Surf fishing has been great at Playalinda this past week. Lot's of Pomp's, Blue's, Whiting and even a Sheepshead. Only thing i've been getting them on is my 14 foot rods. You have one don't you? Your using live Sandfleas right? At least cut Clam or peeled Shrimp right? Your following the weather, tidal conditions right? You're not walking up to the beach and just casting out are you? Works sometimes but not always. YOU do know how to find the troughs and runouts right?You know that most of the time the fish are right at your feet in the surf and you don't need a big rod?That only under certain conditions you need a long rod (like yesterday), when i needed one. There was one time at Playalinda when i could not buy a bite, this guy walks up,walks to the first sandbar ( knee deep) casted his bait to shore ( ankle deep) and proceded to pull in Bull Whiting non stop.:jawdrop: That's when i learned to start watching, looking and learning


----------



## Romans14Eleven (Feb 29, 2004)

I'll second that Reelbehind.....I've learned sooo much in the past two years in regards to surf fishing. All the things you mentioned. I've fished the Georgia tidal creeks very hard for whiting over the past two years, and I have done really well at times. Some HUUUUGE whiting, but numbers were never great. I think the most I caught in a day was 15 at the most. And then surf fishing at Bonsteel a month ago....my wife and I catch 84 in two days. For those of you that read that report....yeah I'm still getting over that weekend. And it was all because we fished reeeaaaalllly close..just like Reelbehind mentioned in the above post. When the conditions are ideal the fish will be there usually. Then you have to apply knowledge to figure out location in that big surf in front of you. But its no different than fishing anywhere else....from all the types of saltwater to the freshwater. All those little details can be included in all the other bodies of water too. But I gotta admit...there is something that just gets my blood pumping a little faster and has me a little more excited when I fish the surf. But what does that mean...I get that feeling wherever and whenever I'm fishing period.


----------



## 222222 (Jul 20, 2001)

Reelbehind: Thanks for the info. Believe it or not, I haven't fished once in FL yet since I got here!! Few quick questions please:

1. How far your 14' had to cast out "Yesterday" in order to reach fish? 45 yards? 60 yards?

2. Always have problems sticking soft baits like "fresh" clam or "peeled" shrimp to the hooks. Sand flea too. Especially when I have to cast more than 40 yards out. (Don't you guys use shrimp with shell intact? So it'll stay on the hook?)

Will a circle "bait-holder" hook help? 

3. How big or "small" a strip will the clam or shrimp have to be in order to fit the mouth of Pomp and Whiting?

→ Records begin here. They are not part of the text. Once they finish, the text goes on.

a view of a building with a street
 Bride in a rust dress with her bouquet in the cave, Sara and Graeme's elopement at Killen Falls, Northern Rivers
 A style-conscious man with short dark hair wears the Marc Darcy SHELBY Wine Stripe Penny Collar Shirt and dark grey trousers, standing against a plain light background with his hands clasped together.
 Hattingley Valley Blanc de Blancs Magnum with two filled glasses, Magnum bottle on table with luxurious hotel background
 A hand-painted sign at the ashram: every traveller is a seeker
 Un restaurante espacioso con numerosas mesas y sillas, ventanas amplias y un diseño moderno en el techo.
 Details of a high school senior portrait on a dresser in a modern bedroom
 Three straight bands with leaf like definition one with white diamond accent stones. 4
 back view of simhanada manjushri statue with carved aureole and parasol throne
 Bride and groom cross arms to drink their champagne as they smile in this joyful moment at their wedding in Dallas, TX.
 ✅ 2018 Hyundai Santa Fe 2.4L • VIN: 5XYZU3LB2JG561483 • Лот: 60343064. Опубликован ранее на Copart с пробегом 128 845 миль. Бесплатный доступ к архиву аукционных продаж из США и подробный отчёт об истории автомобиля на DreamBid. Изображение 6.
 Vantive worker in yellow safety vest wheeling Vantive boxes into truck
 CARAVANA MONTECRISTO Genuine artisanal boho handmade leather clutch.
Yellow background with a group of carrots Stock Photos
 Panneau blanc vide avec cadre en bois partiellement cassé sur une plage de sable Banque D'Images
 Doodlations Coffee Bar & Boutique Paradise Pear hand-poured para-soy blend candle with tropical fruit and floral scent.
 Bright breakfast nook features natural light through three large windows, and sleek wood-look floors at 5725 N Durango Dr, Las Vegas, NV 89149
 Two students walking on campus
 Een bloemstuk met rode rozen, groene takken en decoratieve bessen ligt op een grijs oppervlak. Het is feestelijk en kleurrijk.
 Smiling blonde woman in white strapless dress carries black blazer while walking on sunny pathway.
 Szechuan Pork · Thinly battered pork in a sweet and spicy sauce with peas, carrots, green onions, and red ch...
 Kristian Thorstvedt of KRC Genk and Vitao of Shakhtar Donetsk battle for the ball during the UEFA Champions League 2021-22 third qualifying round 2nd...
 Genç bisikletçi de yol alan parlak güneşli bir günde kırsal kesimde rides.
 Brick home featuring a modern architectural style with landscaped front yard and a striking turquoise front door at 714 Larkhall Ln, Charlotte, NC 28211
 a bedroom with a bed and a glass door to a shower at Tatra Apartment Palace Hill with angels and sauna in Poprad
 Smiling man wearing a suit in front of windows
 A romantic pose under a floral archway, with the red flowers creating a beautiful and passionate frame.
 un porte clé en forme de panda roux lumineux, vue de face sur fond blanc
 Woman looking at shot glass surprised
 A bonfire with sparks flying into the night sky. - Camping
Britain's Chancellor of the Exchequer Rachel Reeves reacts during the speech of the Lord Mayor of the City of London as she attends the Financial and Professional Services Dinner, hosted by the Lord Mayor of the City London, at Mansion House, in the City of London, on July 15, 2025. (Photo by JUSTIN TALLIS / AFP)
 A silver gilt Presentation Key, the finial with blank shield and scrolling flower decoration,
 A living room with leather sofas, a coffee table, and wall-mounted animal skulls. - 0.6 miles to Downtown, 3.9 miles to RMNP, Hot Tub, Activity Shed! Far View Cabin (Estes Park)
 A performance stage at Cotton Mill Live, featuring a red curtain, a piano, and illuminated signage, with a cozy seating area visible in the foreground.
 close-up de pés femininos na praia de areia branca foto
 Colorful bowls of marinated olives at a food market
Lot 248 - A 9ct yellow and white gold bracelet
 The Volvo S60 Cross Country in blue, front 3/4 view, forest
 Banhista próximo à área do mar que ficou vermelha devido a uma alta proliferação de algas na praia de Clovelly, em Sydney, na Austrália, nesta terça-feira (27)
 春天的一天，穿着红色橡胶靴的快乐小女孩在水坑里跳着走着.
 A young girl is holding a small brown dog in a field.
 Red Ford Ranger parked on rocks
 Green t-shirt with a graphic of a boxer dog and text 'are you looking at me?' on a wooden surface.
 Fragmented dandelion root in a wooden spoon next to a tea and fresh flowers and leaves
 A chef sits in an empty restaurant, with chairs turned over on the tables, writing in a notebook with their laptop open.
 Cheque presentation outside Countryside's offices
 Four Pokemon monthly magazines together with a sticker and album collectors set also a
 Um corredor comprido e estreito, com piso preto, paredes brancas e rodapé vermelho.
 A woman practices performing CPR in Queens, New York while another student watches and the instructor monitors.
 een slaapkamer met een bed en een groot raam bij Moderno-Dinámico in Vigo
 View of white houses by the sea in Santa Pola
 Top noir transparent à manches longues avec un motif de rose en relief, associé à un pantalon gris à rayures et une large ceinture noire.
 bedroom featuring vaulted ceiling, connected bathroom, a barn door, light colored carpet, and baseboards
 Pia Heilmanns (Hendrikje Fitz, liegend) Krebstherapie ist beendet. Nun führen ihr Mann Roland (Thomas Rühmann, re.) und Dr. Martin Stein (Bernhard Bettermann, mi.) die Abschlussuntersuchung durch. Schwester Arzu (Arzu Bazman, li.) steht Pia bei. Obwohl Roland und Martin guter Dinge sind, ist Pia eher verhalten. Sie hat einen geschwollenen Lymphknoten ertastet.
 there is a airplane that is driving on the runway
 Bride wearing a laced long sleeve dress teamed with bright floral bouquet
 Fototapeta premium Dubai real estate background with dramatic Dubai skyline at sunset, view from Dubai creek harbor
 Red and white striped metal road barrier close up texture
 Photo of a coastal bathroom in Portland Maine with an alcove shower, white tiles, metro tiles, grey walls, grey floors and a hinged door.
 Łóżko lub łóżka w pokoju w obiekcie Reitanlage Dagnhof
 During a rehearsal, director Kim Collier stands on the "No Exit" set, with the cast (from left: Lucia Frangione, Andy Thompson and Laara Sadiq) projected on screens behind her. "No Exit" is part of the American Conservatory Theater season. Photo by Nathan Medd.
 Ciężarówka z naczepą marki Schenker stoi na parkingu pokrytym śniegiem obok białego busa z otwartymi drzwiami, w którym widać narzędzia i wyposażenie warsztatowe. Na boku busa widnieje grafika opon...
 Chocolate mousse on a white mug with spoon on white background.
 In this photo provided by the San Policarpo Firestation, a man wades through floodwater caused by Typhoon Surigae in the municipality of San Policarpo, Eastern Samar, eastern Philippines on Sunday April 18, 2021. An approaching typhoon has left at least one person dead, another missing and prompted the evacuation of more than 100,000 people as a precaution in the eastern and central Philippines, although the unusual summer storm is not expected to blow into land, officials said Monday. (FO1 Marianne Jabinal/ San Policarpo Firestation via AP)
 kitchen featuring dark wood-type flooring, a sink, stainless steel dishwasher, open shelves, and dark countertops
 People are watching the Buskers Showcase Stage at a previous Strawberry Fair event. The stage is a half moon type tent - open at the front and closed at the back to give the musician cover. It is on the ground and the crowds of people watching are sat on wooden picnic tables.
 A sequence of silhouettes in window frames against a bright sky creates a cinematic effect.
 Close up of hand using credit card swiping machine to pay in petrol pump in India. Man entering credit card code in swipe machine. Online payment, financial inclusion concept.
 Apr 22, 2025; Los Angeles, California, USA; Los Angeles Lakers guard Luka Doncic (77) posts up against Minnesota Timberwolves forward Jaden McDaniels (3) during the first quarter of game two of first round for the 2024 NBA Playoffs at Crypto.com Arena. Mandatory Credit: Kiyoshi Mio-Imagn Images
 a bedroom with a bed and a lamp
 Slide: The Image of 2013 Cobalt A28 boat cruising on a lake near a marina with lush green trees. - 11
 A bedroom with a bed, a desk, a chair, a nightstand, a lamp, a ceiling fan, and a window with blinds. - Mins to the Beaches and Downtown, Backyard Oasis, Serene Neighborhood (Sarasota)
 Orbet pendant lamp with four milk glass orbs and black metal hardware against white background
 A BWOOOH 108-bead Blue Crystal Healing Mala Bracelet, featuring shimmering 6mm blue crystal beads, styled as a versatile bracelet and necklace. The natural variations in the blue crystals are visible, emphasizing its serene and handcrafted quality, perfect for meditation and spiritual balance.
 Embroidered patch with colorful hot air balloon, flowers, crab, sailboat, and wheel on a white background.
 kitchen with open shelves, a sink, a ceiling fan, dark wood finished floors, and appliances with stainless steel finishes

4. I've heard south or south-eastern winds will dirty the surf. Any other winds will also dirty the surf?

5. I have a 10' pole with thick tip. I know your 14' has a slim, thin tip. Do fish around high tides. But sometimes like Joeseminole18 said, fish just won't get close to shore unless you got a boat. Particularly up north.

Thanks.


----------



## Joeseminole18 (Feb 26, 2003)

Maybe I should correct myself. You're very limited as to what species you can catch from shore. I also think anyone would agree that you usually catch more fish in a boat than from the surf. Most people from the surf catch whiting and blues....with the occasional pompano or something crazy like a redfisih. 

Give me a pier and I'm fine, but I really dont like surf fishing.


----------



## MarkDido (Jul 6, 2003)

It all depends on your perspective.

Having just got back into fishing in the last year (surf, pier and jetty), I am by no stretch of the imagination an accomplished angler at any of them, but I'm learning.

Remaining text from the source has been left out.